Shared Experience are the expressionistic theatrical interpreters of great novels "par excellance". They are a theatre company run by women and they often choose to stage plays which highlight feminist issues. Helen Edmundson has re-worked the company's 1994 award winning production of The Mill on the Floss which will go to the John F. Kennedy Centre in Washington and China after its London run. . The Mill on the Floss is staged with three actors playing Maggie Tulliver, one for each development period of her life, as a wild child, as a follower of asceticism and as a mature woman. It is a device which was also used with great success in their adaptation of Jane Eyre.

It is a highly exciting and involving production with both Nancy Meckler and Polly Teale directing. The opening scene stages the drowning of a witch by suspending Molly below a platform and lighting beneath in green as though she is in the water.

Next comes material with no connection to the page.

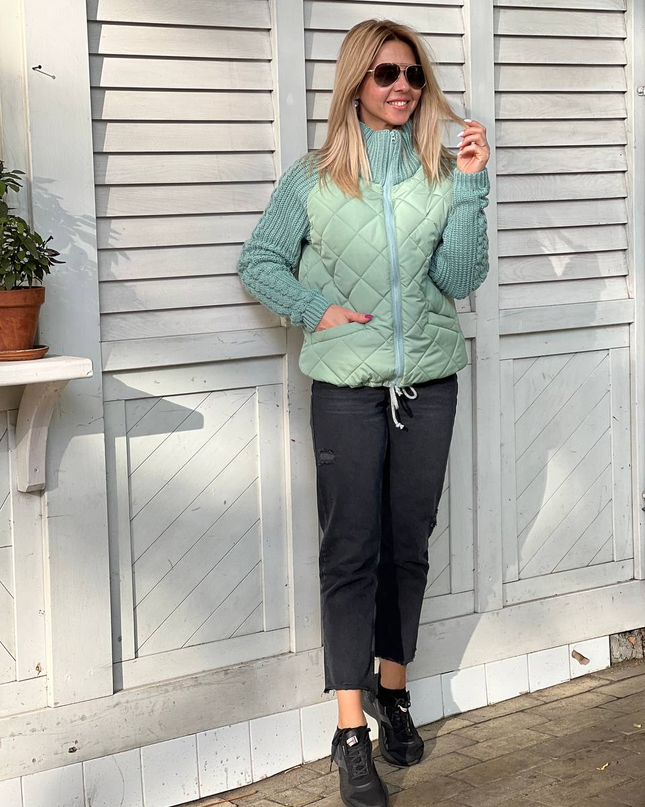 Patchoria | Patchwork High Neck Jacket – Knitwear with Zipper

It is as atmospheric as you will find. This scene is recreated at the end of the play as St Oggs is inundated by water. The theme is that Maggie has been drowned as a witch, a final persecution for her unconventionality. This staging plays down Maggie's reconciliation with her brother as they drown together but it is one interpretation of George Eliot's third novel, which mirrors some of her own experiences. (Eliot had a brother who refused to see her after she lived with George Lewes who was married to a woman who kept presenting him with babies fathered by another, from whom he could not get a divorce).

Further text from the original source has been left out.